[Start of Attachment]

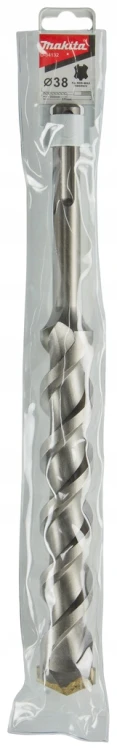 Makita D-34132 Wiertło Sds-max 38x370mm Do Betonu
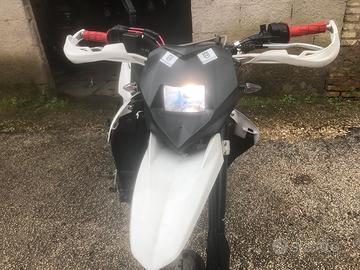 Husqvarna 610sm 2008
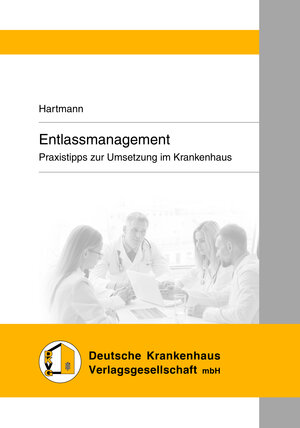 Buchcover Entlassmanagement | Peter Hartmann | EAN 9783170382398 | ISBN 3-17-038239-X | ISBN 978-3-17-038239-8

[End of Attachment]

• _EXERCISE_:
Every line from the one containing "Husqvarna 610sm 2008" to the last line of the material must be returned exactly. Leave out any pictures.

• _WRITTEN ANSWER_:
 Husqvarna 610sm 2008
 Buchcover Entlassmanagement | Peter Hartmann | EAN 9783170382398 | ISBN 3-17-038239-X | ISBN 978-3-17-038239-8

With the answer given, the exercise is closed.